→ Your assignment
Set down, exactly and with nothing added, the lines running from the one that holds "vidaXL Auvent rétractable" to the final line of the records. Pictures stay out of the copy.

→ Data to examine

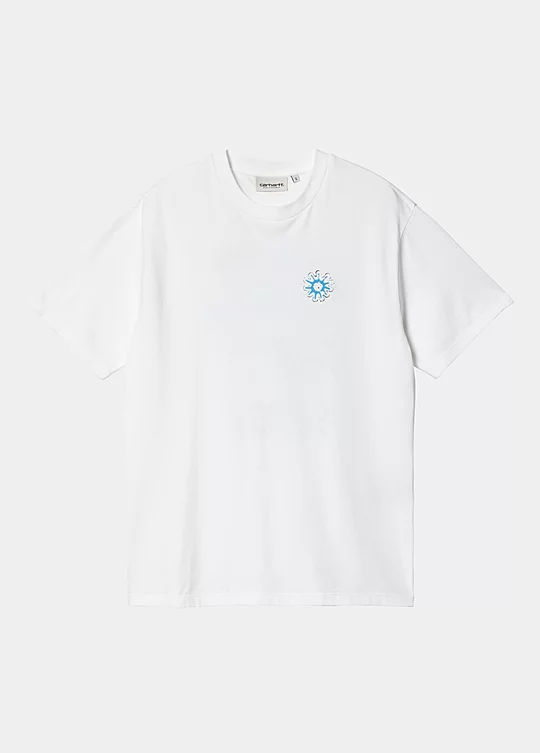 Carhartt WIP Women’s Short Sleeve Splash T-Shirt em Branco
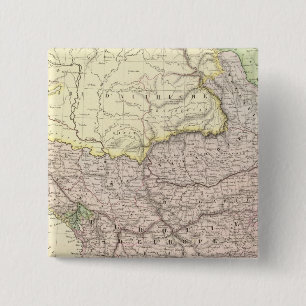 Balkan Peninsula, Turkey, Greece 2 15 Cm Square Badge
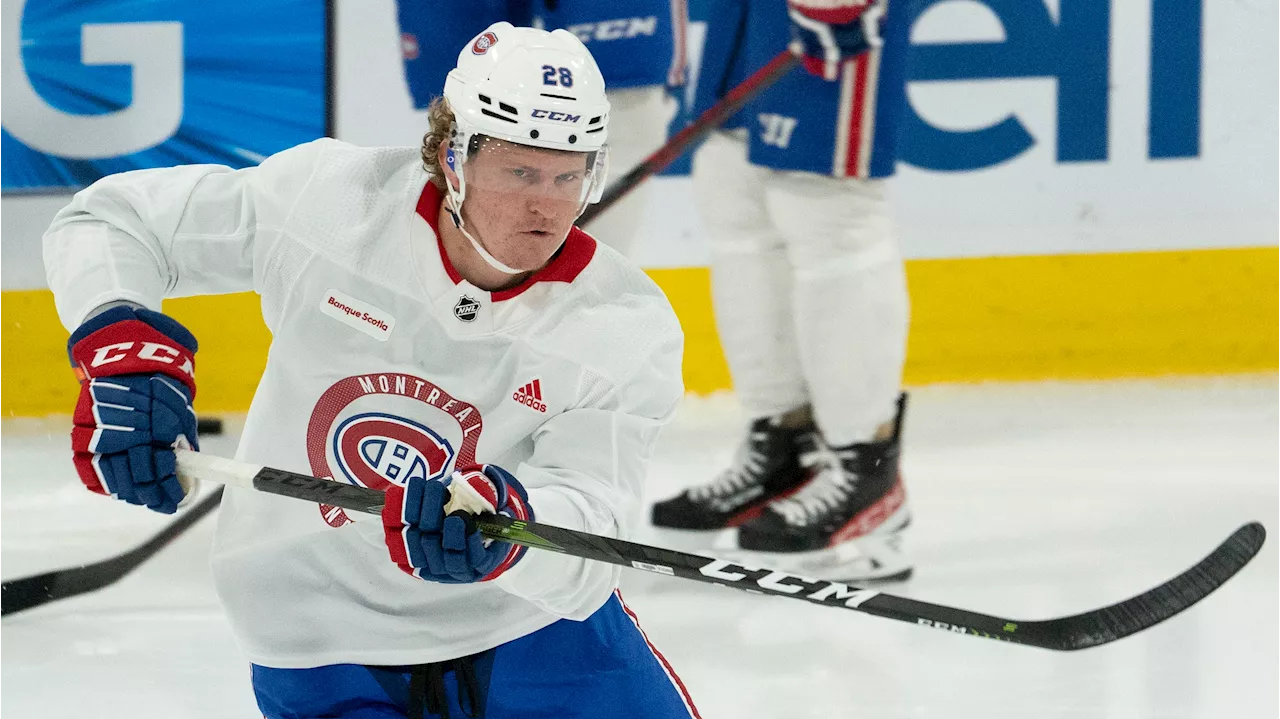 Ice Chips: Habs F Dvorak to make season debut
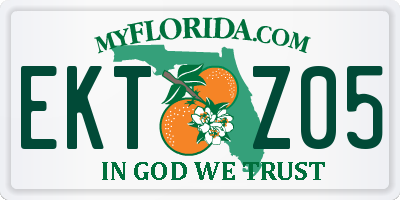 FL license plate EKTZ05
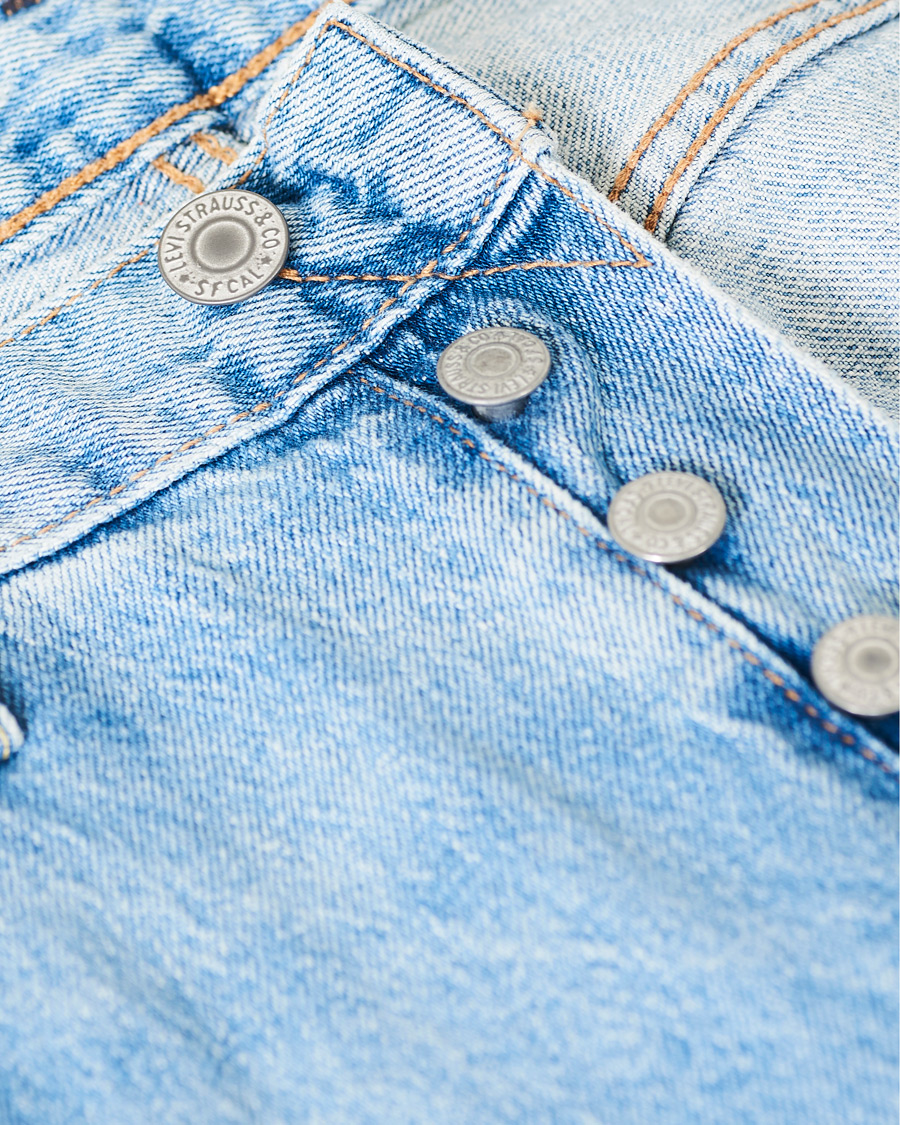 Heren | Jeans | Levi's | 501 Slim Fit Stretch Jeans Basil Sand
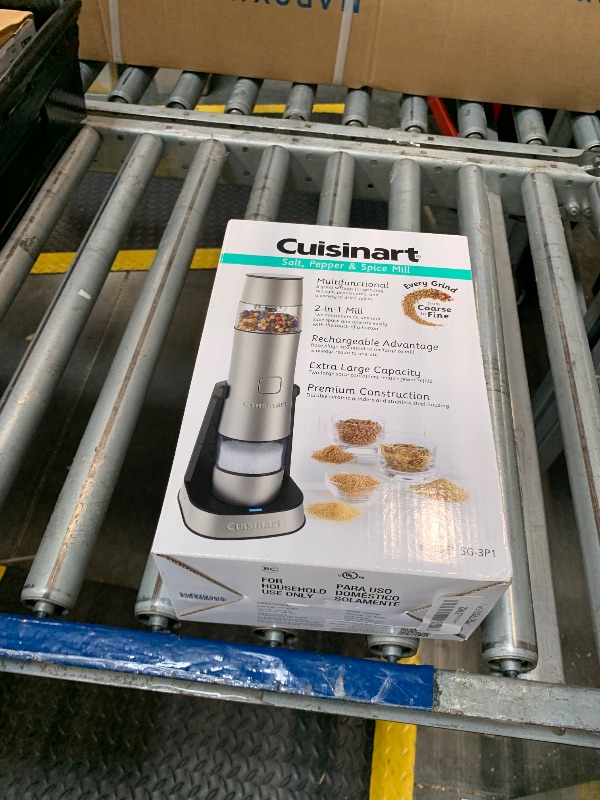 Photo 1 of Cuisinart SG-3P1 Rechargeable Salt, Pepper, and Spice Mill
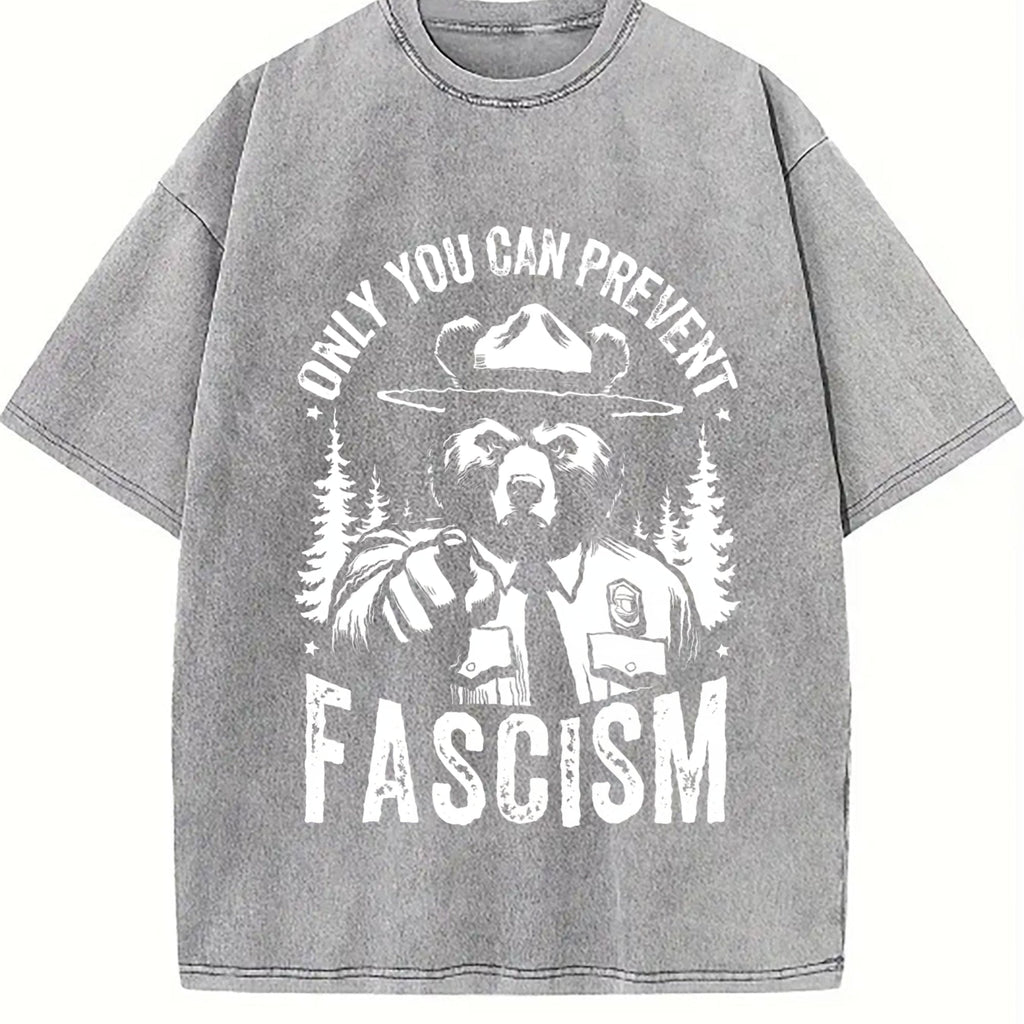 Only You Can Prevent Fascism Raccoon Vintage Washed T-Shirt product image 5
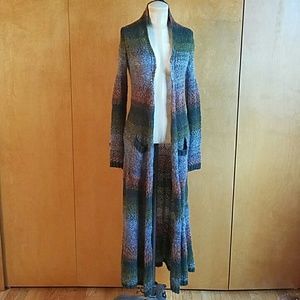 Anthropologie Ombre Blend Duster Cardigan XS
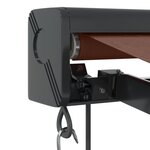 vidaXL Auvent rétractable automatique marron 400x300 cm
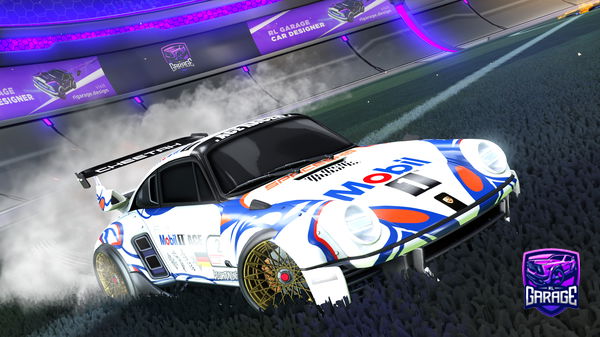 A Rocket League car design from Shadow10499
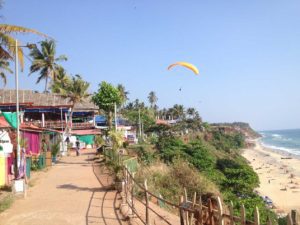 Varkala Cliff Paraglide
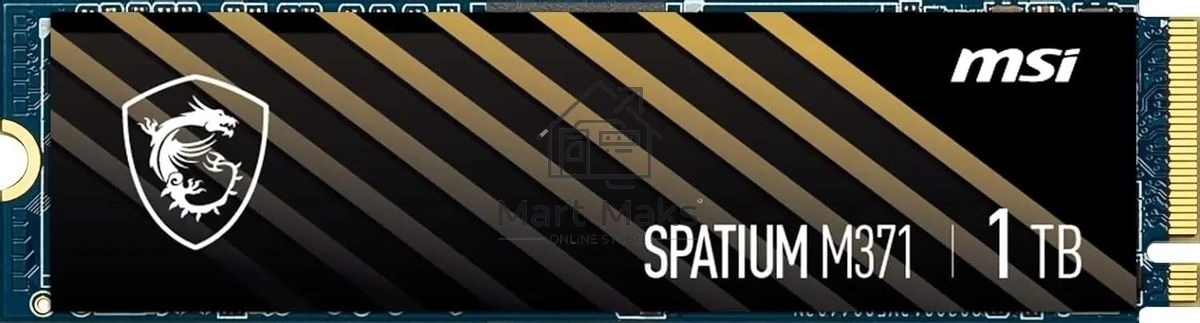 Накопитель SSD MSI Spatium M371, 1ТБ, M.2 2280, PCIe 3.0 x4, NVMe, M.2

→ Solution
 vidaXL Auvent rétractable automatique marron 400x300 cm
 A Rocket League car design from Shadow10499
 Varkala Cliff Paraglide
 Накопитель SSD MSI Spatium M371, 1ТБ, M.2 2280, PCIe 3.0 x4, NVMe, M.2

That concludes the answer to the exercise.